Hong Kong increased the maximum penalty for smuggling and trading endangered species yesterday from two years’ imprisonment to 10 years, as it continues its fight against elephant poaching and illegal ivory trafficking.
“Trade in endangered species is rampant in Hong Kong,” said Cheryl Lo, Senior Wildlife Crime Officer for WWF-Hong Kong. “The increased penalty, coupled with strengthened enforcement, will help deter future wildlife crime offenders from using the city as a hub for smuggling and selling.”

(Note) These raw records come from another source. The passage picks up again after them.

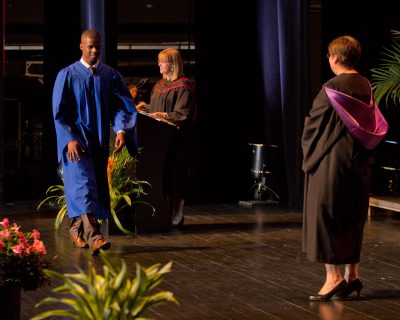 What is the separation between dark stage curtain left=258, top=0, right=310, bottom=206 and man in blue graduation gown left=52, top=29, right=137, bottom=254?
9.97 feet

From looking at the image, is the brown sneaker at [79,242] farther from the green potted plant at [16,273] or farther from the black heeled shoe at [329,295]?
the green potted plant at [16,273]

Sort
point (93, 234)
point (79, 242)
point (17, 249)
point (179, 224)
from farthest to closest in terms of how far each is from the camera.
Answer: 1. point (179, 224)
2. point (79, 242)
3. point (93, 234)
4. point (17, 249)

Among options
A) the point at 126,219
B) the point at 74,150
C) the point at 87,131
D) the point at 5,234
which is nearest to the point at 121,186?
the point at 126,219

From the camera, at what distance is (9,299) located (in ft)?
13.8

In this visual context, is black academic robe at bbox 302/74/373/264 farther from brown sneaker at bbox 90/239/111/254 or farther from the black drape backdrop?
the black drape backdrop

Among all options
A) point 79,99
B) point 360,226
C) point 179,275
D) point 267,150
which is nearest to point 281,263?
point 179,275

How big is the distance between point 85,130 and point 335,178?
7.08 feet

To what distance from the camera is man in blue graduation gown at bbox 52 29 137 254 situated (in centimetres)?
670

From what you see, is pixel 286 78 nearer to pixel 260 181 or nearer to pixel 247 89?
pixel 247 89

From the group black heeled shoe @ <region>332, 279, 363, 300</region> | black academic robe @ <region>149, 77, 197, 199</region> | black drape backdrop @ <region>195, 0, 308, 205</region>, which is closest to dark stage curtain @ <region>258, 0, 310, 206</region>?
black drape backdrop @ <region>195, 0, 308, 205</region>

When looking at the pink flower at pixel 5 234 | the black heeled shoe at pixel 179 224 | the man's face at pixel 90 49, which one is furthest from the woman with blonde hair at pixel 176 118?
the pink flower at pixel 5 234

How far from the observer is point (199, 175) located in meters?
10.6

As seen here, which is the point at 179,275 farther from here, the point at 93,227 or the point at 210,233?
the point at 210,233

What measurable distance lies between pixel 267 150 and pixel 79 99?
3.26m
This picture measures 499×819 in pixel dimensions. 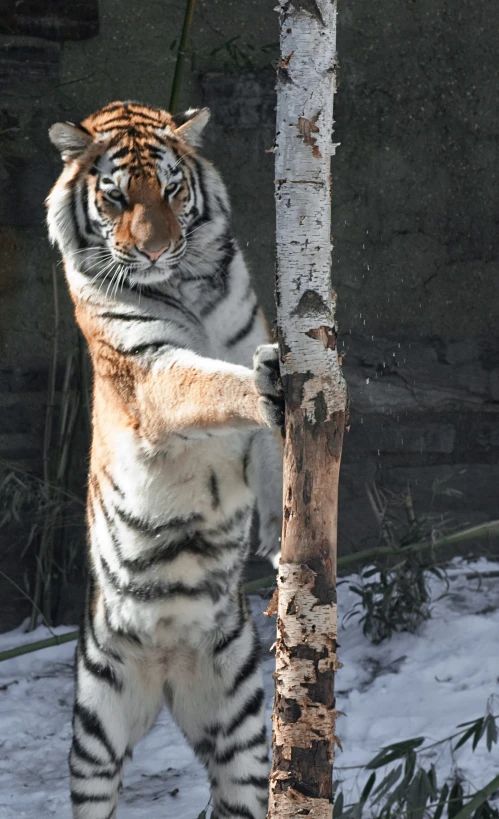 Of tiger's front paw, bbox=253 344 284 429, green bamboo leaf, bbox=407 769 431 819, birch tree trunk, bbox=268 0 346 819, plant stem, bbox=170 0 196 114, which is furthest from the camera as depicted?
plant stem, bbox=170 0 196 114

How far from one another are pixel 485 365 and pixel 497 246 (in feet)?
1.78

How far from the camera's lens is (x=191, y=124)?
9.03ft

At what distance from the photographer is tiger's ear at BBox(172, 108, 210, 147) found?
108 inches

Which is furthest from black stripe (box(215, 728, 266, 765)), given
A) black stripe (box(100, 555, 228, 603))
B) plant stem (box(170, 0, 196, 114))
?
plant stem (box(170, 0, 196, 114))

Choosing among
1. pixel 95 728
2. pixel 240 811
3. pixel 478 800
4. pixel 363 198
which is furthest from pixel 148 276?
pixel 363 198

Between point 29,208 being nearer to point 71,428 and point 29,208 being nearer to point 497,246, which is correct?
point 71,428

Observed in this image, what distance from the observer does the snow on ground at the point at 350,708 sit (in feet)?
10.3

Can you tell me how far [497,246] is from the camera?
4578mm

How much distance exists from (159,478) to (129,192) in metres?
0.72

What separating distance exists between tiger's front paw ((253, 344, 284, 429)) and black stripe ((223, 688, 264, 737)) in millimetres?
1156

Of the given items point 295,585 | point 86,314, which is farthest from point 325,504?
point 86,314

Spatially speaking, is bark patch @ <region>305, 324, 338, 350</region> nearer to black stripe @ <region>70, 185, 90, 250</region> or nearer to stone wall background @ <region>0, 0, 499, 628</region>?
black stripe @ <region>70, 185, 90, 250</region>

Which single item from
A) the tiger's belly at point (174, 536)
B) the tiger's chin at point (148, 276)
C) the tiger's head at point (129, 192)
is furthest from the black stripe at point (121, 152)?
the tiger's belly at point (174, 536)

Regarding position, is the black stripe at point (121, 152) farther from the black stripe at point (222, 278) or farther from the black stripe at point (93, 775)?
the black stripe at point (93, 775) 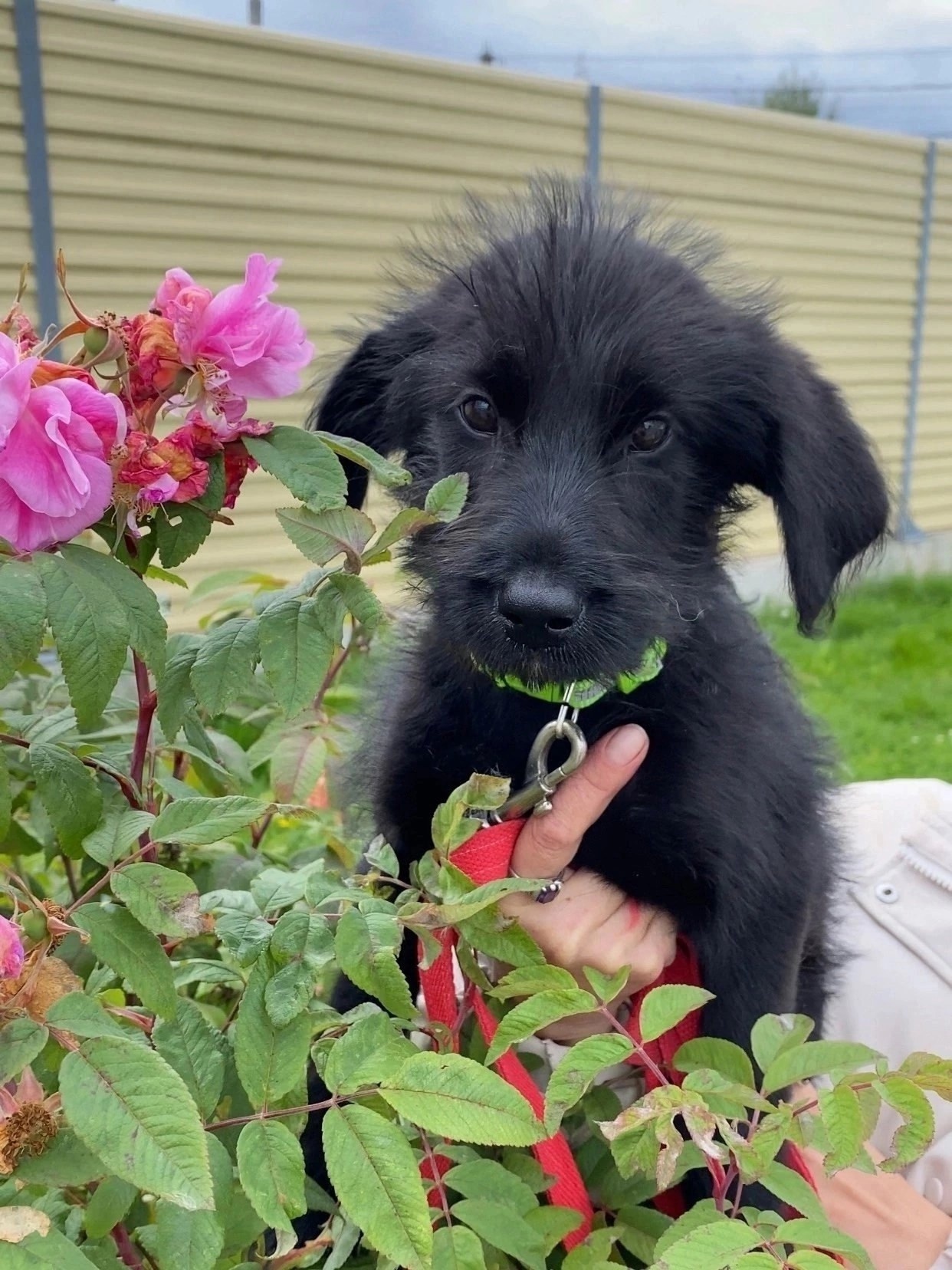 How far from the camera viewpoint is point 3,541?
2.79 feet

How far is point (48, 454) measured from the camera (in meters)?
0.79

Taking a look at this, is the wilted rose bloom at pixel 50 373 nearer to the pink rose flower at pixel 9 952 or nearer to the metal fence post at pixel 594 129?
the pink rose flower at pixel 9 952

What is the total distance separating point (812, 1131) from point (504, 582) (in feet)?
2.19

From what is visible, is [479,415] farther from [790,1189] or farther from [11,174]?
[11,174]

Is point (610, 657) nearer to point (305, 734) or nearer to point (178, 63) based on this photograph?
point (305, 734)

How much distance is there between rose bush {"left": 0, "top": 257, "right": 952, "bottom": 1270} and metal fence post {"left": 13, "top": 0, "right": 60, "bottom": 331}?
403 cm

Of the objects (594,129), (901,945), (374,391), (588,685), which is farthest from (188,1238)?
(594,129)

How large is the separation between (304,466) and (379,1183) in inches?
20.1

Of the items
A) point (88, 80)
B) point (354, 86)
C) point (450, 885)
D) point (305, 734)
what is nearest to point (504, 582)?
point (305, 734)

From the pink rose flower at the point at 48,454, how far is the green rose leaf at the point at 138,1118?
0.35 m

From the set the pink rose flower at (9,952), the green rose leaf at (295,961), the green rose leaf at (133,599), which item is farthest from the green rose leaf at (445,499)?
the pink rose flower at (9,952)

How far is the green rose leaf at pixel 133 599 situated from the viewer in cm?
83

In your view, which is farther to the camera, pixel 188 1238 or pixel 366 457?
pixel 366 457

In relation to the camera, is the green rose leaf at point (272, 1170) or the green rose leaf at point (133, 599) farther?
the green rose leaf at point (133, 599) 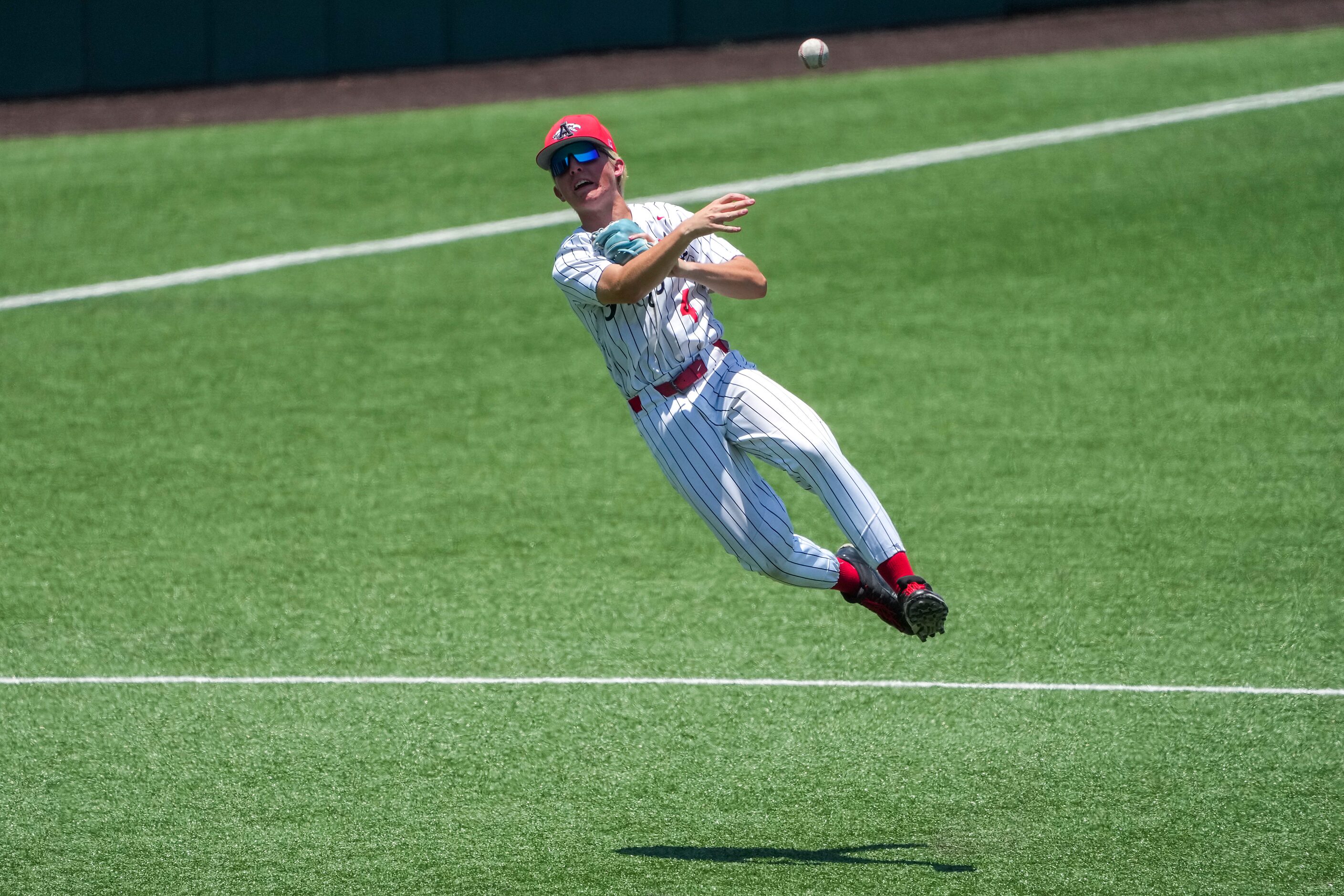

The raised penalty covers species listed under the Convention on International Trade in Endangered Species (CITES) Appendix I, including ivory, rhino, the rare totoaba fish and the pangolin, which is considered the most illegally trafficked mammal in the world.
The illegal trade of species listed under Appendices II or III, including some sharks, will also be subject to a new maximum penalty of seven years’ imprisonment.
Hong Kong is considered to be the largest ivory city market in the world and a major transit hub for illegal wildlife, which WWF-Hong Kong blames on low fines and sentences for traffickers and zero prosecutions of criminal kingpins.
The penalty increase is the first stage of the autonomous territory’s three-part ivory phase-out plan following China’s ivory trade ban at the end of 2017.